Some amps let you connect to other electronic devices — smartphones, computers, and even other audio interfaces to be able to be flexible and versatile. It’s very important to consider multiple inputs and outputs to be able to maximize your capacity and deliver an all-out performance whether you may be.
This YouTube video explains how you’re going to use keyboard amps on your electronic drums. Additionally, you’ll get to understand all amplification methods you can use for your drum set and why it’s challenging to achieve the right amplification for your drum set.
Our Top Pick
To be able to get a wonderful drum performance, you must have a reliable amp that can take on a wide range of frequencies. Though all the products above prove themselves to be among the best amps for electronic drums, there’s one in particular that stood out. The Roland PM-100 Drum Monitor offers loud sound output for nearly any application.
Get the Roland PM-100 Drum Monitor here.
Though this amp has a bigger and more powerful brother, the Roland PM-200 it’s expensive.
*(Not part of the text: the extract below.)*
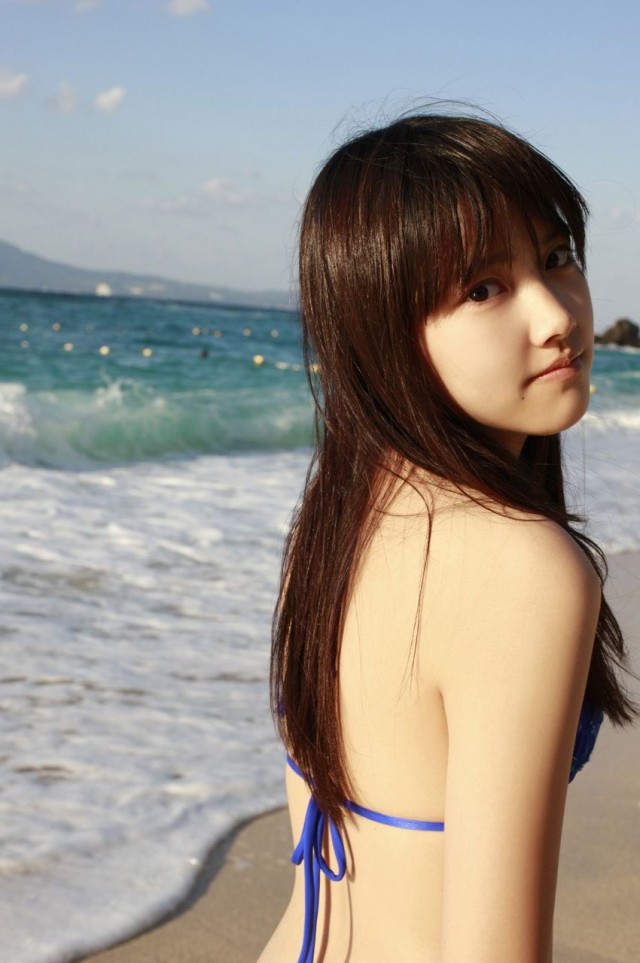 Seika Taketomi Fotoğrafı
So, weighing the price and the features, we get the balance of the two in the smaller PM-100. The 80W 10-inch speaker and tweeter are more than enough to power your performance.
Like most amps, it has an angled design to get optimized feedback, especially to the player himself. It has just enough inputs and outputs to connect other electronic devices like smartphones and music players. The global EQ, it helps you achieve a wonderful performance without the need to spend too much.